→ Entries provided
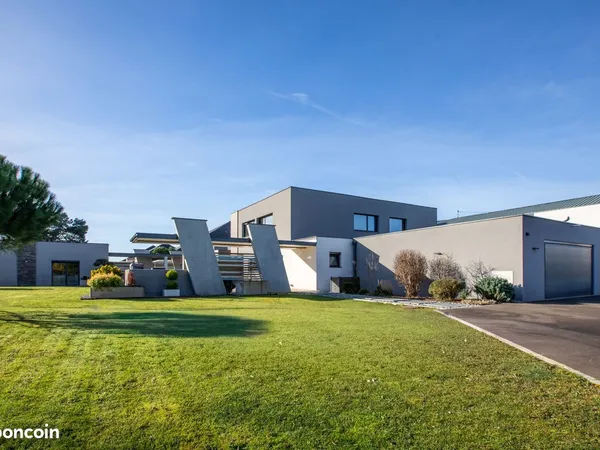 Villa 7 pièces 318 m² 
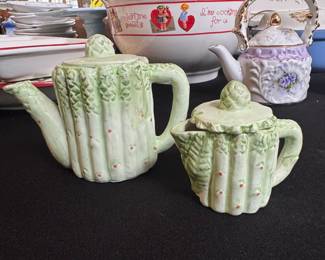 Vintage Fitz & Floyd Asparagus Pitcher and Creamer Set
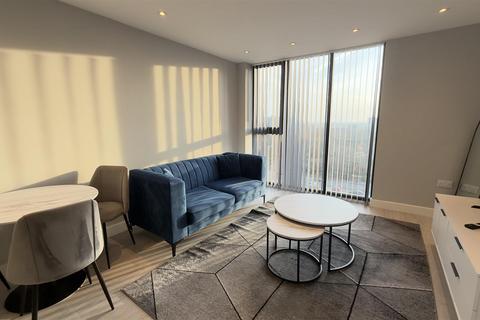 1 bedroom apartment to rent, 84 Oldfield road, Salford
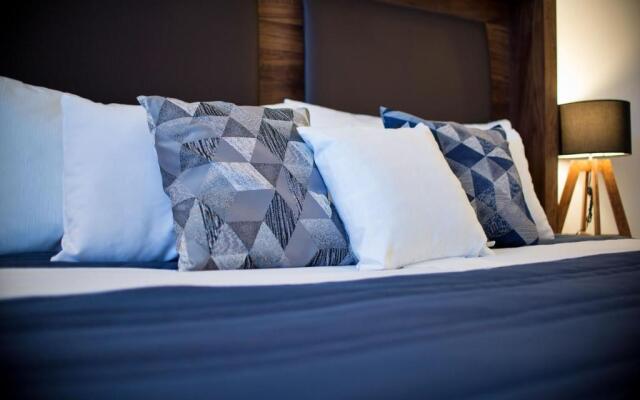 Real View Towers E306 by Casago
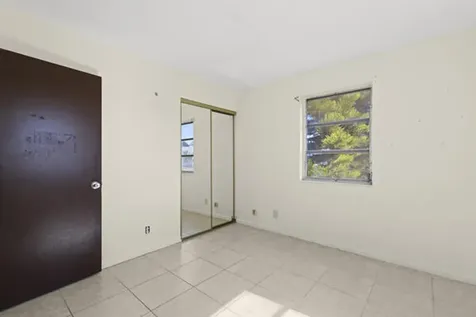 110 Sw 12th Avenue South Bay FL 33493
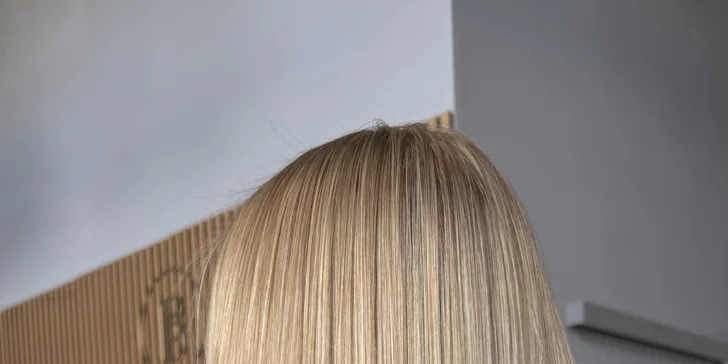 Nový sestřih nebo barva pro všechny délky vlasů v moderním salonu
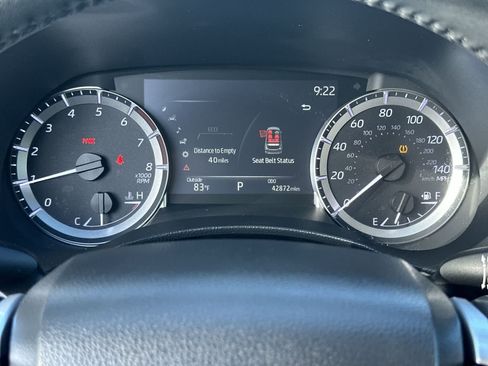 Used 2023 Toyota Highlander XLE FWD image 22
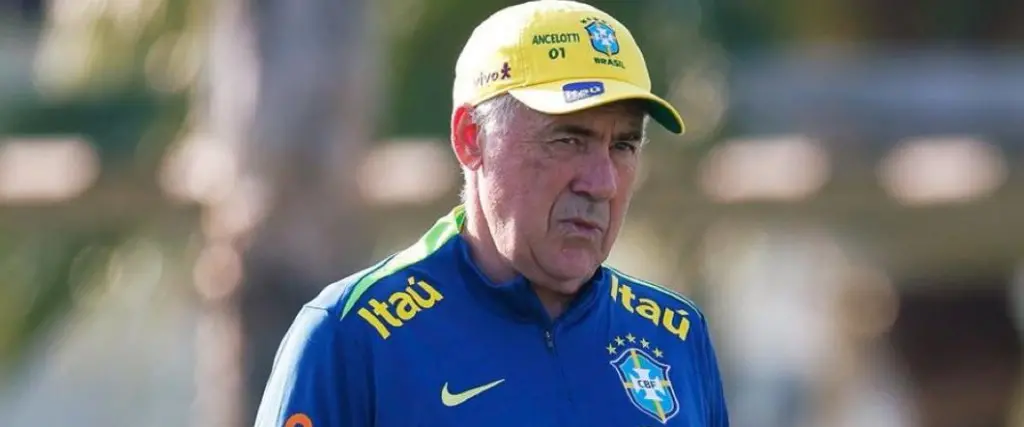El técnico italiano dirigió su primer entrenamiento al mando de la selección brasileña, este lunes.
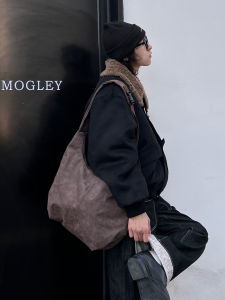 Elegant Vintage Tote Bag
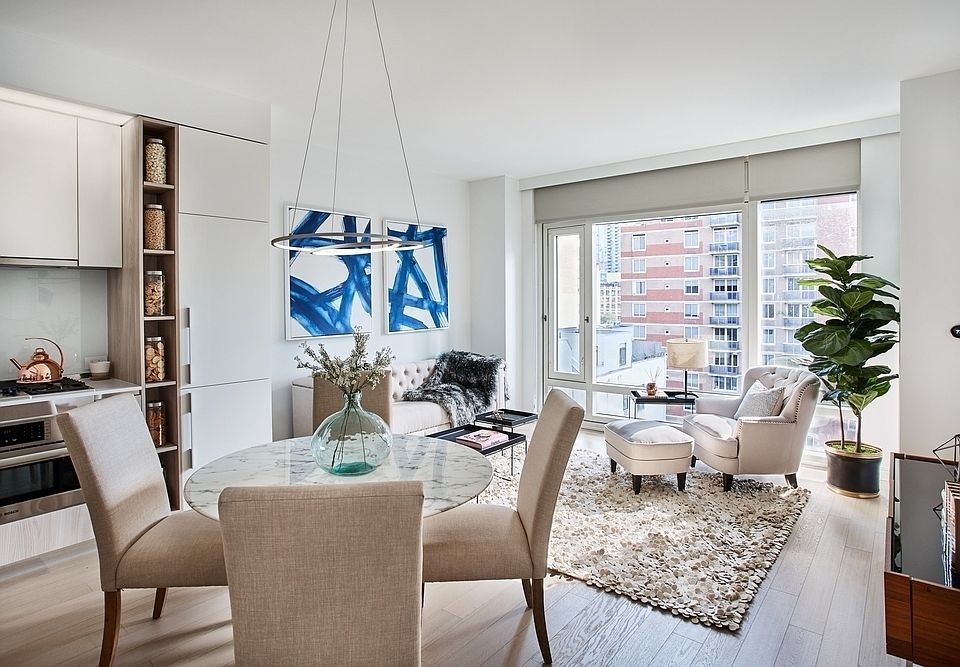 1st image of 572 11th Ave #9A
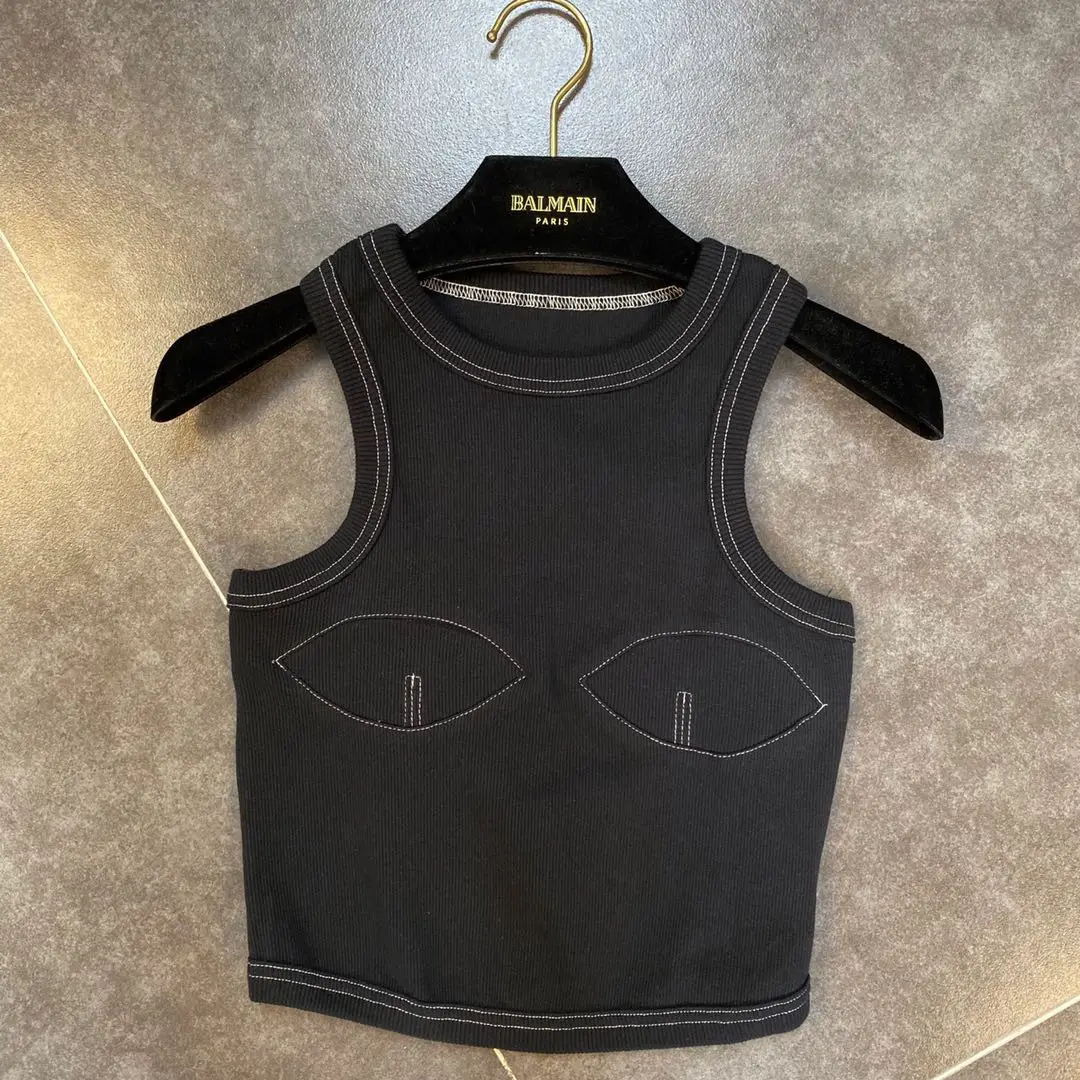 Женский короткий топ без рукавов с круглым вырезом и цветными следами на груди -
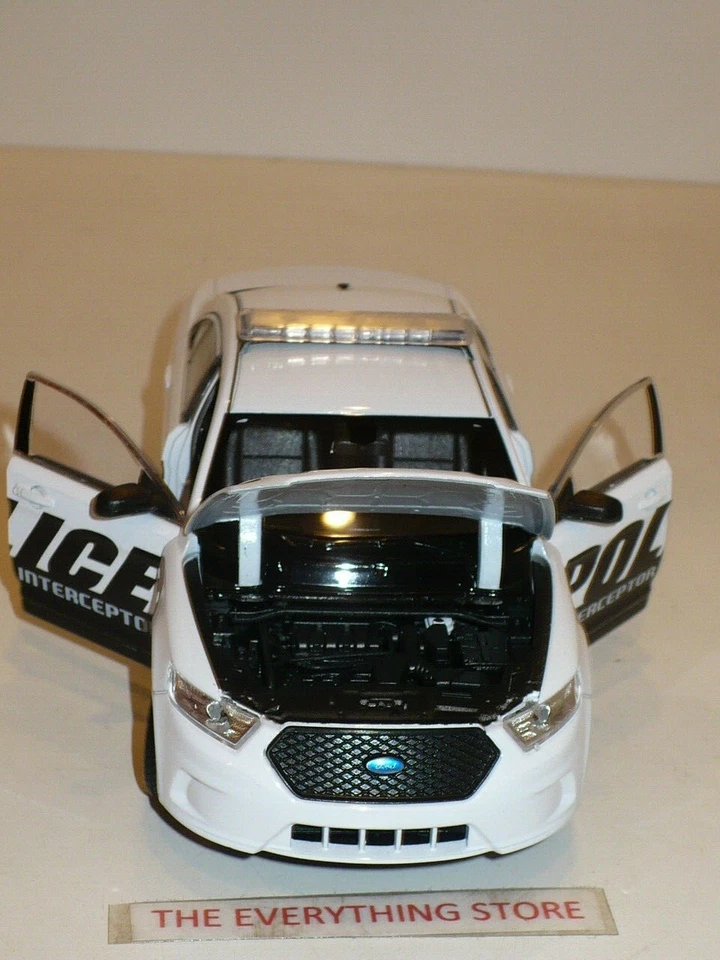 WELLY FORD POLICE INTERCEPTOR WHITE 1:24 SCALE NEW USA FREE SHIP  - Image 3 of 4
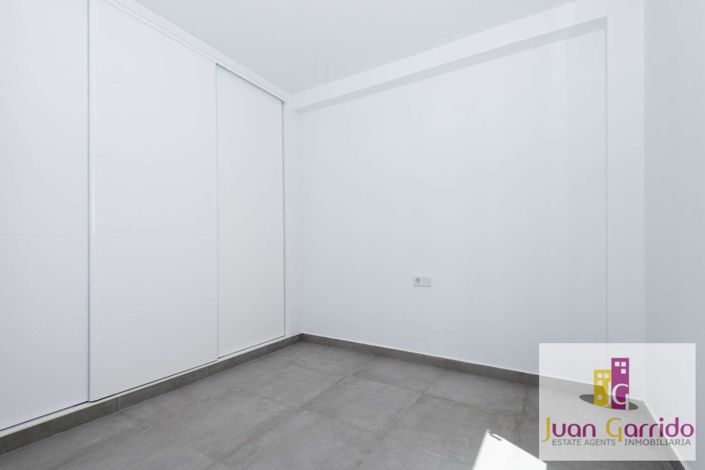 Image No.20-3 Bed Duplex for sale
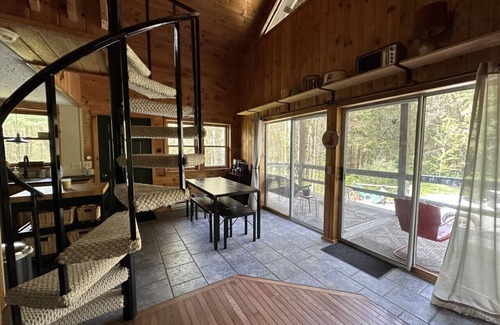 Branchport Cabin | Cabin in the woods near the Finger Lakes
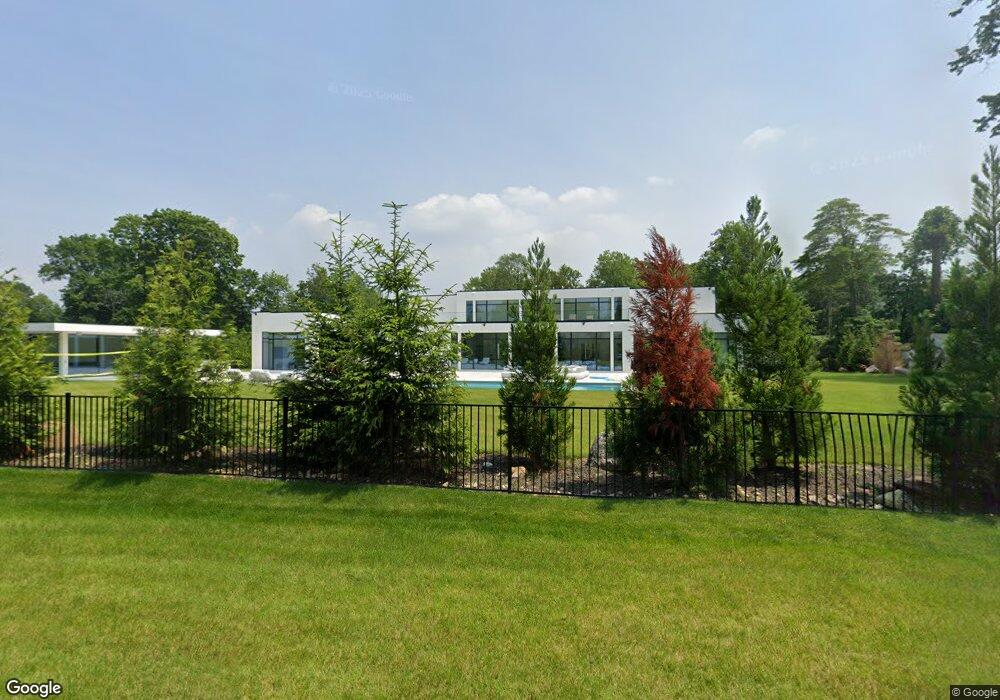 7 Birchwood Ln, Great Neck, NY 11024 - photo 1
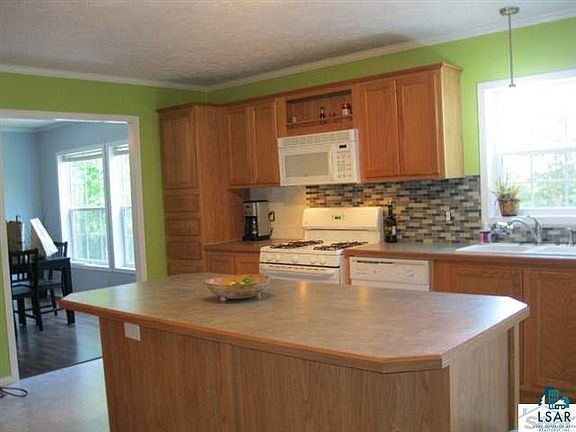 3rd image of 1045 Bratley Dr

→ Activity
Word for word, return the material above, but drop the pictures.

→ Answer space
 Villa 7 pièces 318 m² 
 Vintage Fitz & Floyd Asparagus Pitcher and Creamer Set
 1 bedroom apartment to rent, 84 Oldfield road, Salford
 Real View Towers E306 by Casago
 110 Sw 12th Avenue South Bay FL 33493
 Nový sestřih nebo barva pro všechny délky vlasů v moderním salonu
 Used 2023 Toyota Highlander XLE FWD image 22
El técnico italiano dirigió su primer entrenamiento al mando de la selección brasileña, este lunes.
 Elegant Vintage Tote Bag
 1st image of 572 11th Ave #9A
 Женский короткий топ без рукавов с круглым вырезом и цветными следами на груди -
 WELLY FORD POLICE INTERCEPTOR WHITE 1:24 SCALE NEW USA FREE SHIP  - Image 3 of 4
 Image No.20-3 Bed Duplex for sale
 Branchport Cabin | Cabin in the woods near the Finger Lakes
 7 Birchwood Ln, Great Neck, NY 11024 - photo 1
 3rd image of 1045 Bratley Dr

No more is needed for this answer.